Supplied records Block Start

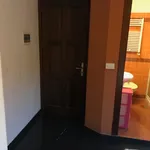 Rent 4 bedroom house in Rome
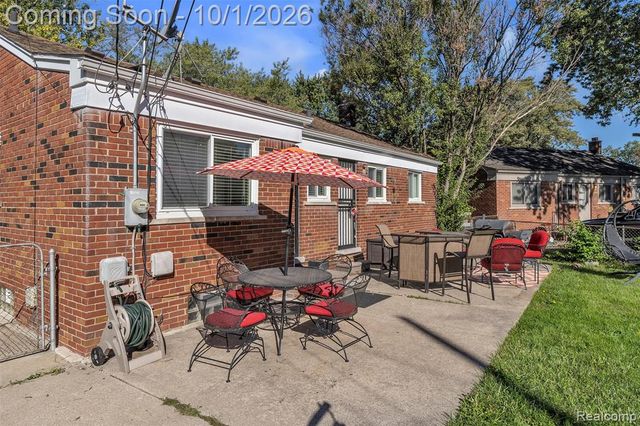 24804 Ridgecroft Avenue, Eastpointe, MI 48021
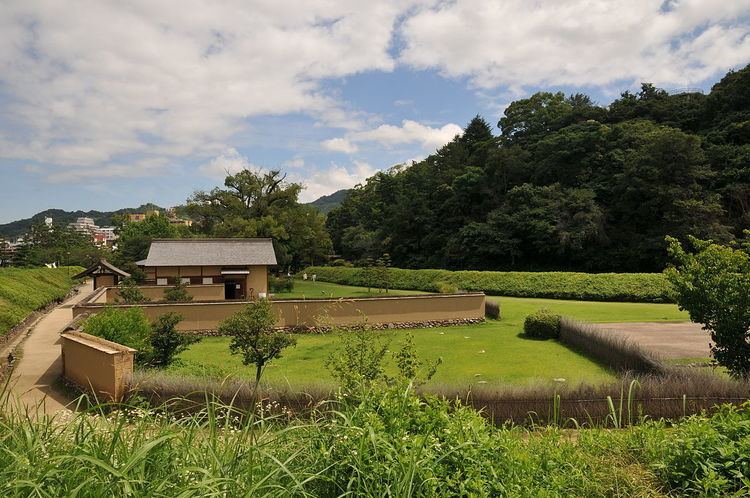 Yuzuki Castle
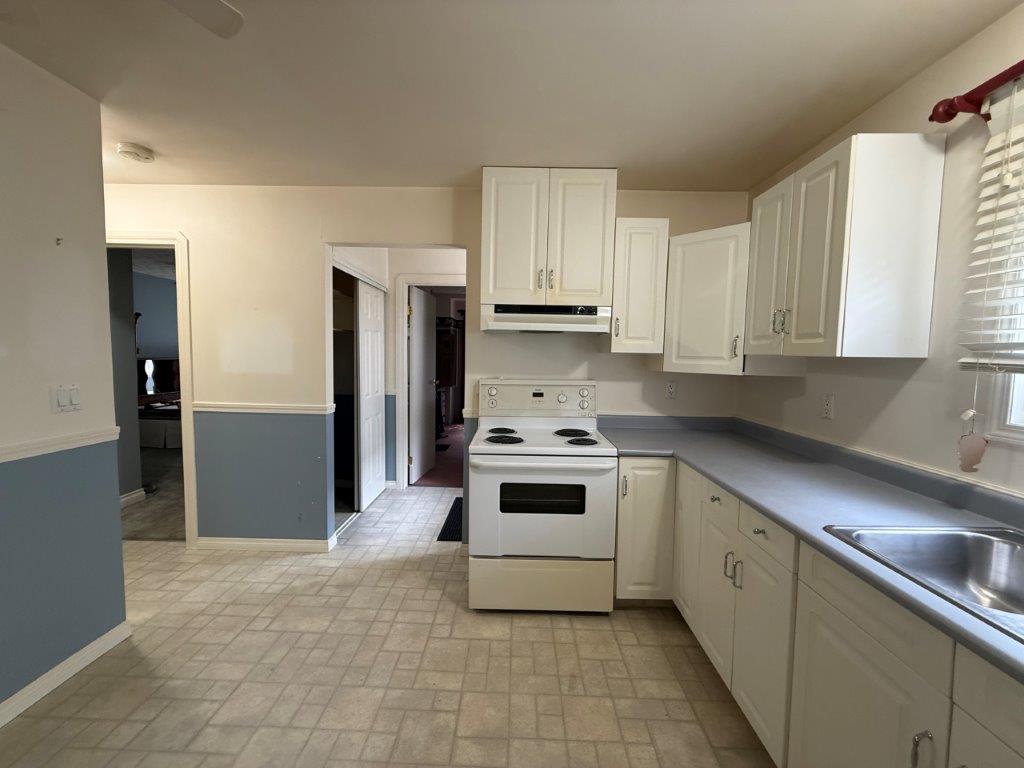 IMG_9916 #221 1st Ave West, Kindersley – L2026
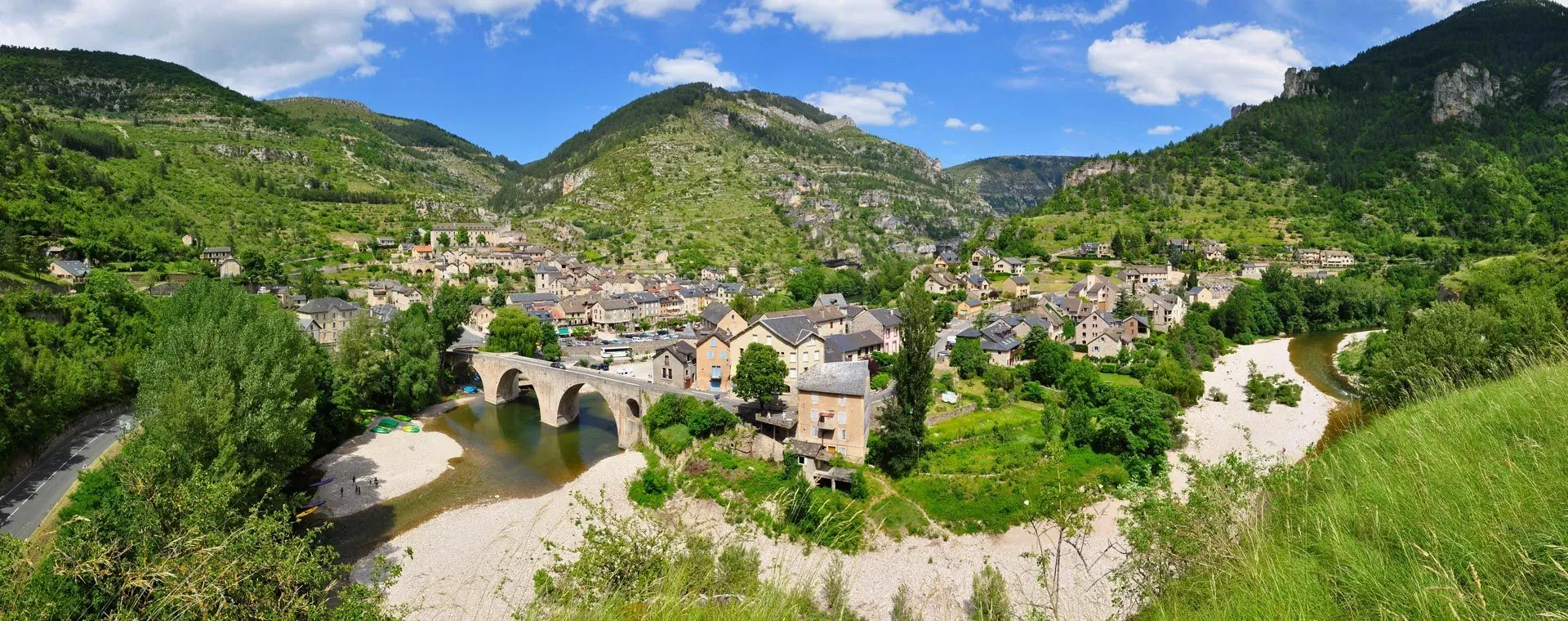 Ruines des Cars - Saint-Merd-les-Oussines - Millevaches - France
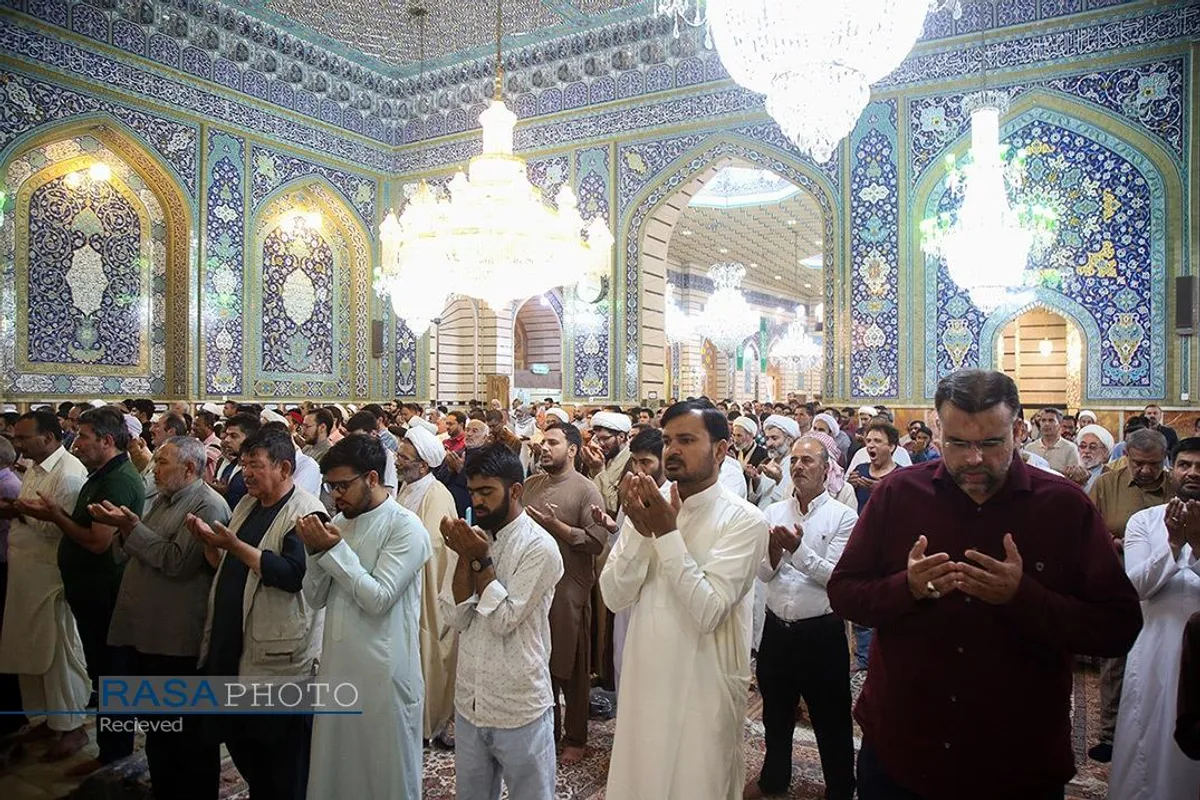 اقامه نماز عید سعید قربان در حرم کریمه اهلبیت (ع)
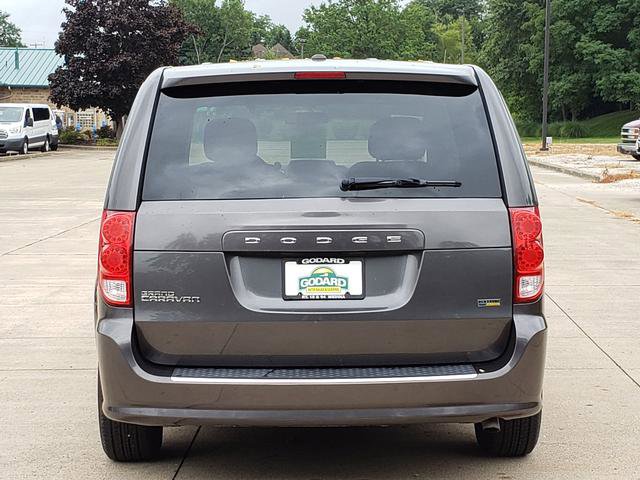 Used 2016 Dodge Grand Caravan SE image 4
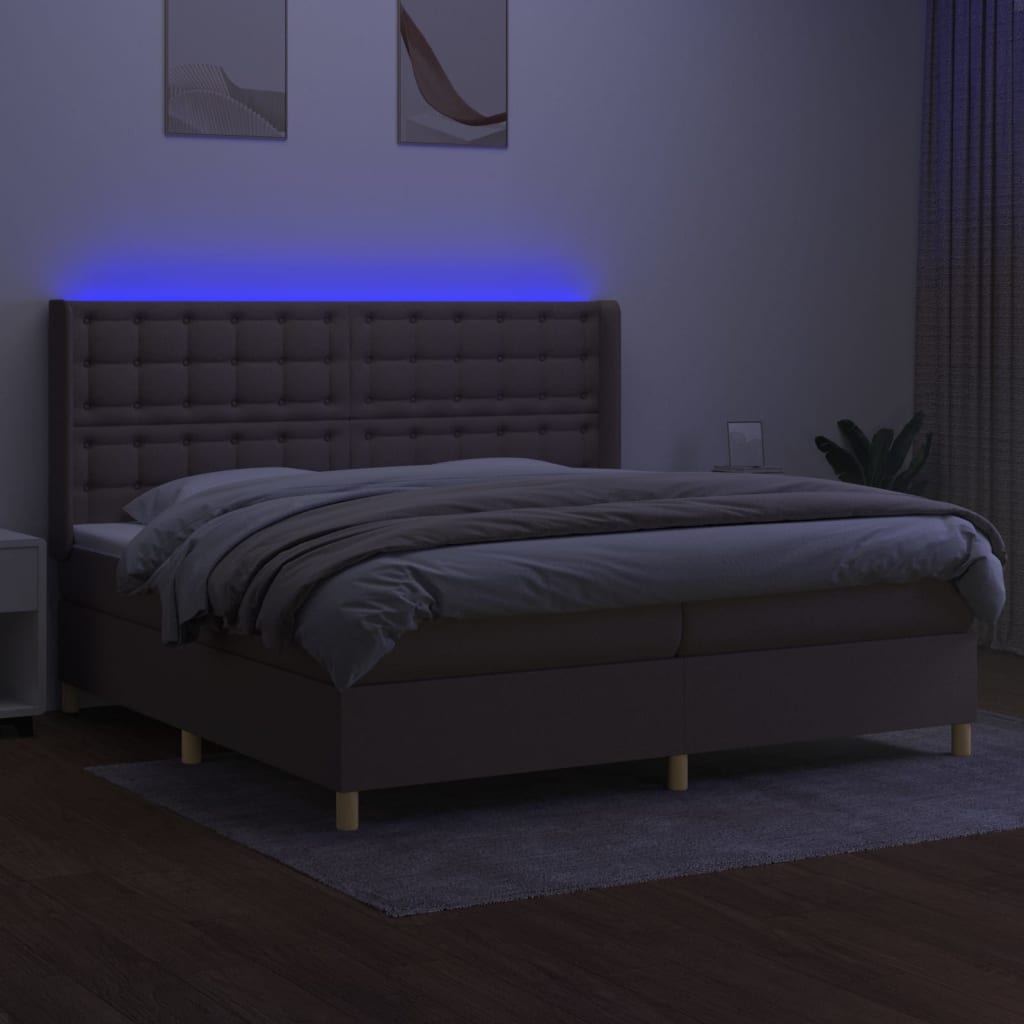 Krevet box spring s madracem LED smeđesivi 200x200 cm tkanina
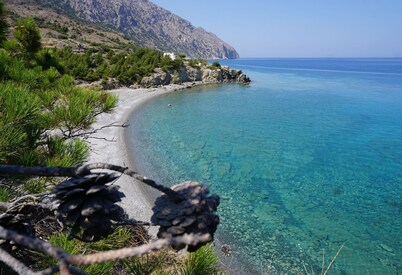 Konstantinos Palace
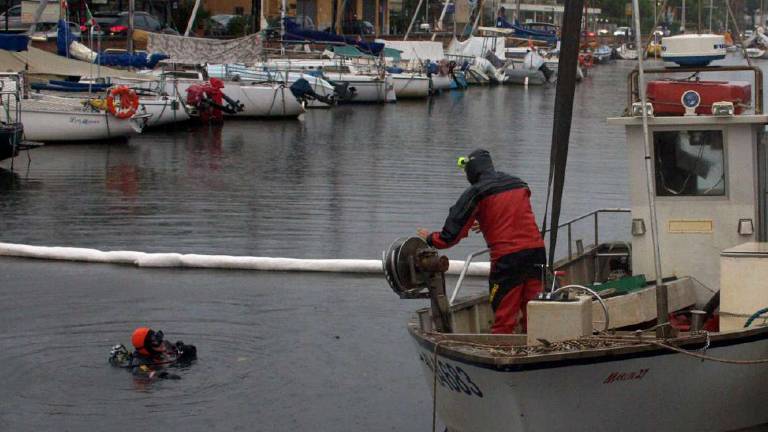 Milano marittima: si butta nel canale dopo una lite, salvata Milano marittima: si butta nel canale dopo una lite, salvata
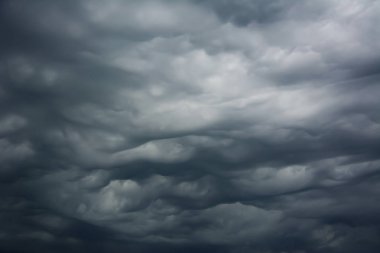 Fırtına bulutları bir gök gürültüsü fırtına arka plan kavramı önce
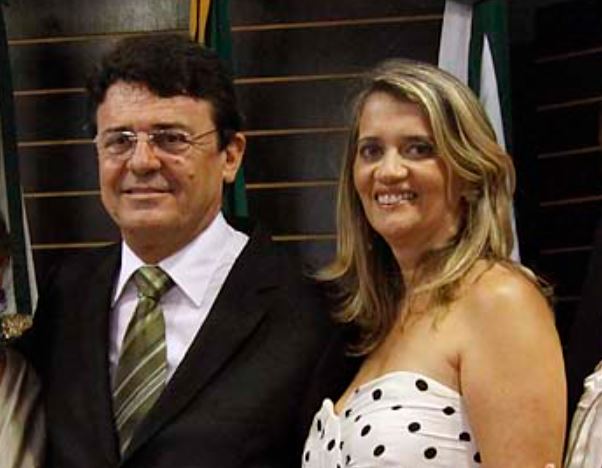 Velório da professora Valéria Martins começa às 8h desta segunda-feira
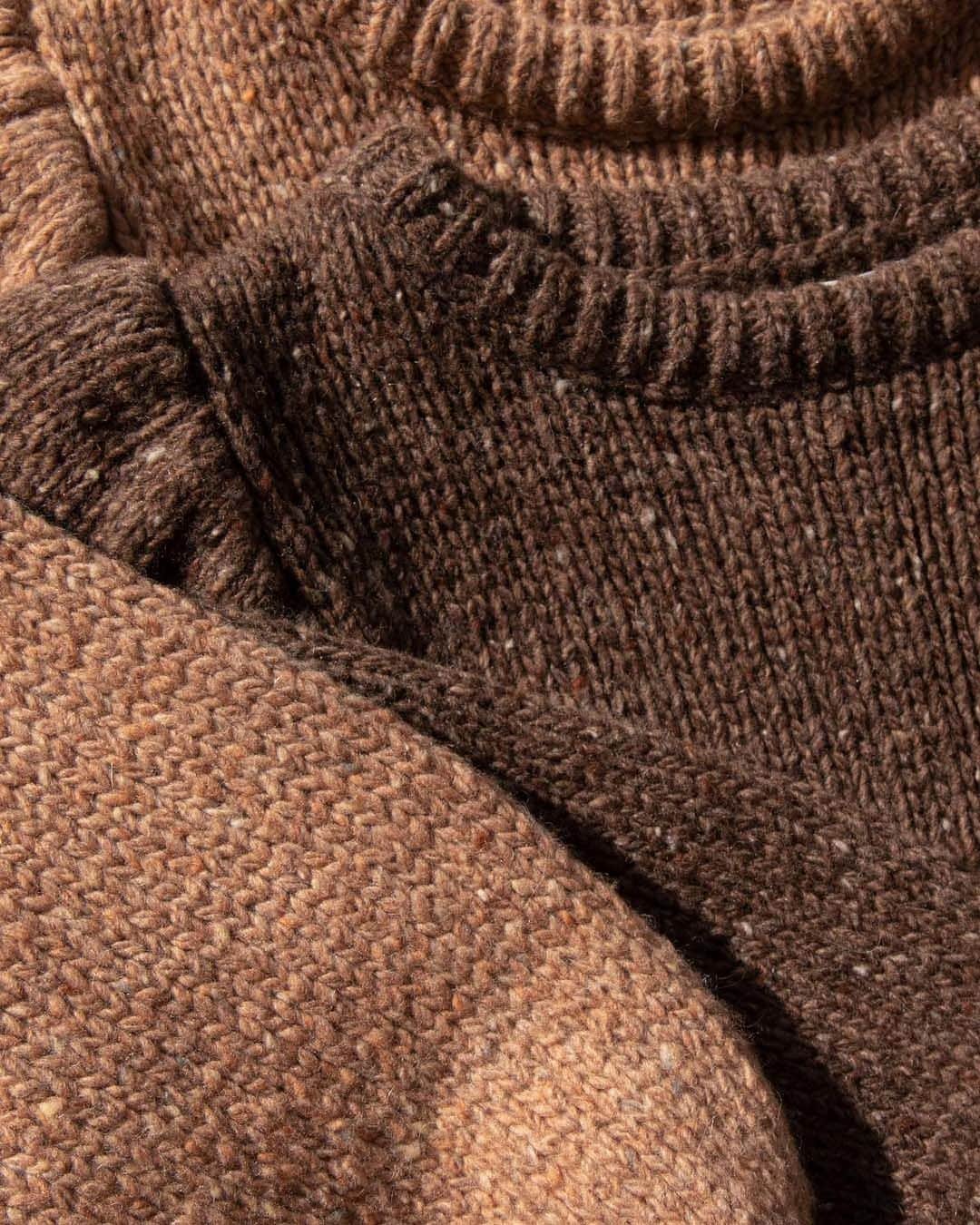 デミリーのインスタグラム：「Close-up with the Bardot Sweater—made with a subtle speckled donegal yarn, in a sweet feminine silhouette」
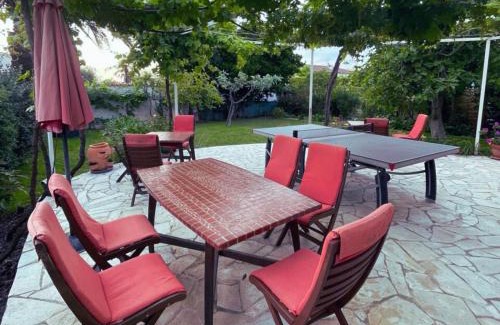 Plaine de la Brague Casa | Villa la Croix Lorette- 190m2, 10 personnes max, 65m2 de Terrasse, Barbecue, 200m2 de Jardin, parking, wifi, vue mer,10min à pied plage de Galets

Supplied records Block End

Task item :: Reproduce all the entries that precede this task, word for word, minus any pictures.

Task answer ::
 Rent 4 bedroom house in Rome
 24804 Ridgecroft Avenue, Eastpointe, MI 48021
 Yuzuki Castle
 IMG_9916 #221 1st Ave West, Kindersley – L2026
 Ruines des Cars - Saint-Merd-les-Oussines - Millevaches - France
 اقامه نماز عید سعید قربان در حرم کریمه اهلبیت (ع)
 Used 2016 Dodge Grand Caravan SE image 4
 Krevet box spring s madracem LED smeđesivi 200x200 cm tkanina
 Konstantinos Palace
 Milano marittima: si butta nel canale dopo una lite, salvata Milano marittima: si butta nel canale dopo una lite, salvata
 Fırtına bulutları bir gök gürültüsü fırtına arka plan kavramı önce
 Velório da professora Valéria Martins começa às 8h desta segunda-feira
 デミリーのインスタグラム：「Close-up with the Bardot Sweater—made with a subtle speckled donegal yarn, in a sweet feminine silhouette」
 Plaine de la Brague Casa | Villa la Croix Lorette- 190m2, 10 personnes max, 65m2 de Terrasse, Barbecue, 200m2 de Jardin, parking, wifi, vue mer,10min à pied plage de Galets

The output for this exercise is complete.